Microbes in the human brain

Traditionally, the brain has been considered sterile, meaning that it is free of bacteria, viruses, and other microorganisms.

Recent studies have challenged this notion and suggested that microbes such as bacteria and viruses may be present in the brain.

The glymphatic system, a pathway in the brain that allows for the clearance of waste products and the movement of immune cells throughout the brain, has been shown to be involved in the removal of microbial products, suggesting that microbes may be present in the brain.

In addition, studies have shown the presence of bacteria and other microorganisms in the gut and their potential effects on brain function and behavior, suggesting that there may be a gut-brain axis that could involve microbes in the brain.

Small subunit ribosomal RNA (rRNA) probes, confirmed by extensive subunit rRNA analysis find a spectrum of microorganisms in control and AD brains.

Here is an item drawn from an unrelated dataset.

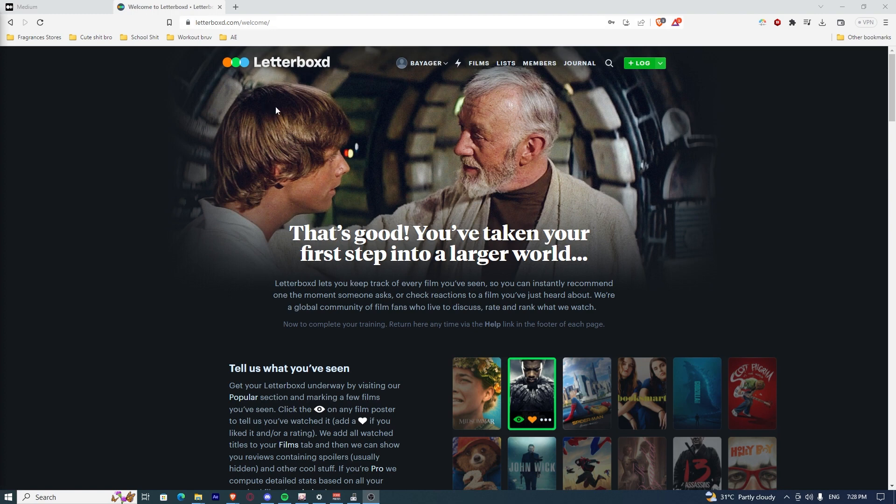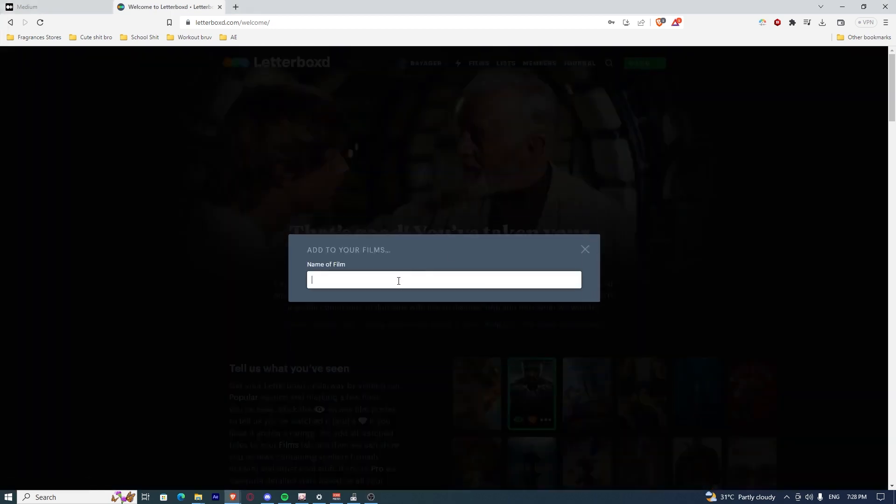Once you've signed in, you have to look at the top right corner of the screen where the log button is. Click on it and it will ask you to add the name of the film that you want.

There are diverse  brain microbes in control brains, the most abundant being fungi, bacteria, and chloroplastida. 

The human brain microbiome appears to be a subset of the gut microbiome. 

The spectrum of brain microbes differ between individuals and different brain regions, with the highest microbial burden found in the cingulate cortex. 

Adenovirus type C is the primary virus in the human brain.

Spectrum of brain microbes differed between individuals and between brain regions examined from single individuals amygdala, cingulate cortex, hippocampus, hypothalamus) of these four regions, the highest microbial burden was in the cingulate cortex. 

Certain microbes are more prevalent in the brains of individuals with Alzheimer’s disease (AD): Bacteria, including Streptococcus, Staphylococcus/Bacillus, and Sphingomonas/Ralstonia, as well as fungi such as Acrocalymma/Altenaria/Aureobasidium of the Aspergillus group, Komagataella of the Candida group, Cortinarius of the Schizophyllum group, and Tausonia of the Cryptococcus group, are found to be over-represented in AD brain.

Chloroplastida species (algae-related) are more abundant in AD brain samples.

These findings suggest a potential link between specific microbes and the development of AD.